### YOUR TASK:
The full listing, copied exactly and free of pictures, is the expected reply.

### THE INPUT:
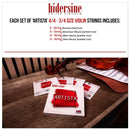 Hidersine Artista Violin String Set (4/4)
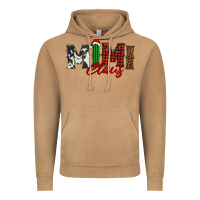 Vintage Camel mimi claus Vintage Hoodie - BarkalooDesign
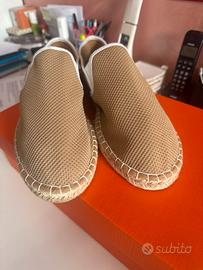Scarpe modello espadrillas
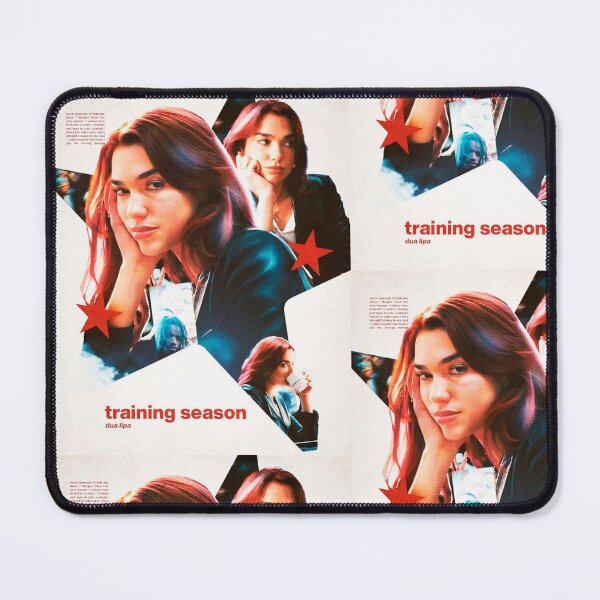 Item preview, Dua Lipa Training Season Poster designed and sold by martirush.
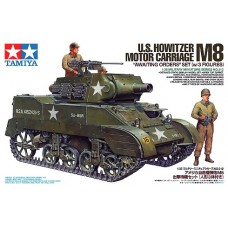 TA 35312 1/35 US M8 Howitzer Motor Carriage w/3 Figures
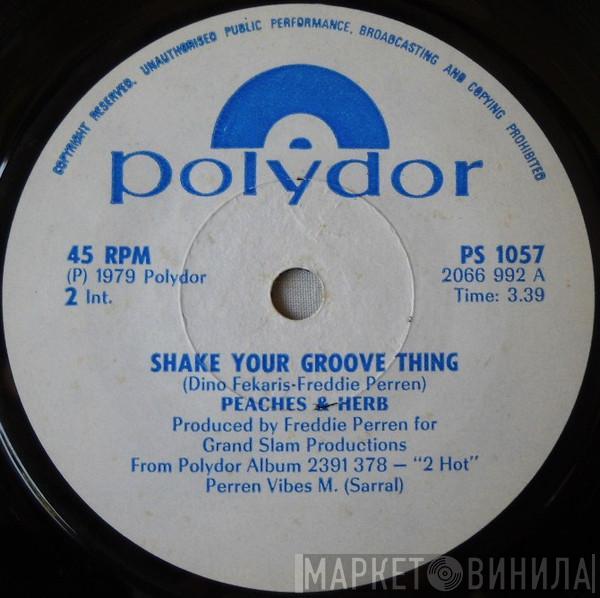  Peaches & Herb  - Shake Your Groove Thing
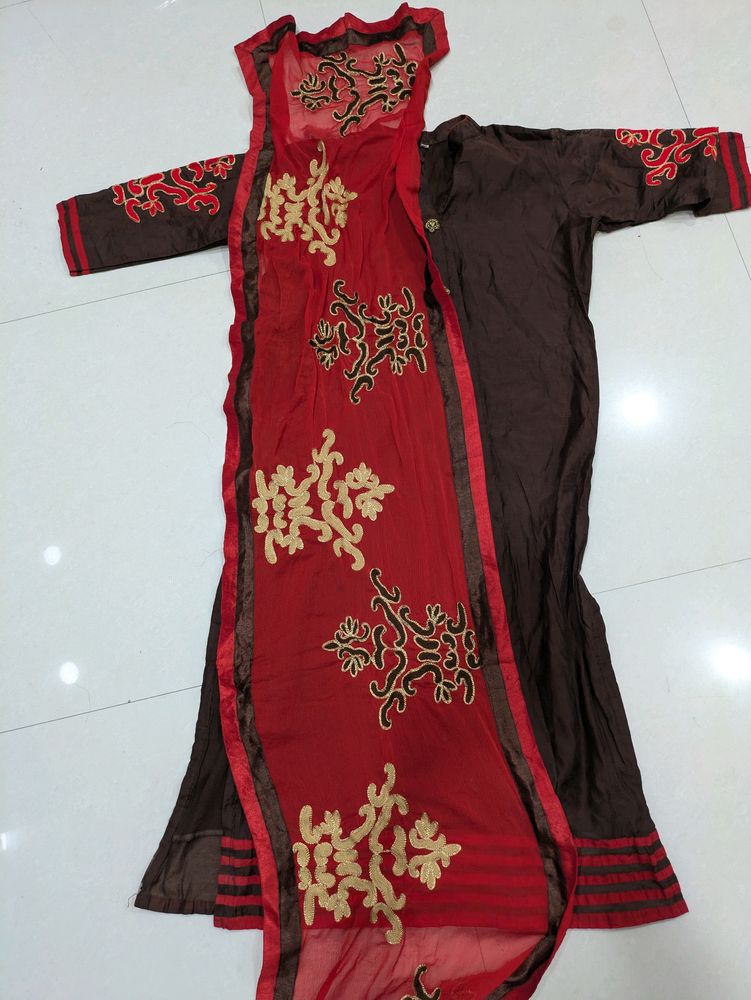 Kurti With Dupatta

### RESPONSE TO THIS TASK:
 Hidersine Artista Violin String Set (4/4)
 Vintage Camel mimi claus Vintage Hoodie - BarkalooDesign
Scarpe modello espadrillas
 Item preview, Dua Lipa Training Season Poster designed and sold by martirush.
 TA 35312 1/35 US M8 Howitzer Motor Carriage w/3 Figures
  Peaches & Herb  - Shake Your Groove Thing
 Kurti With Dupatta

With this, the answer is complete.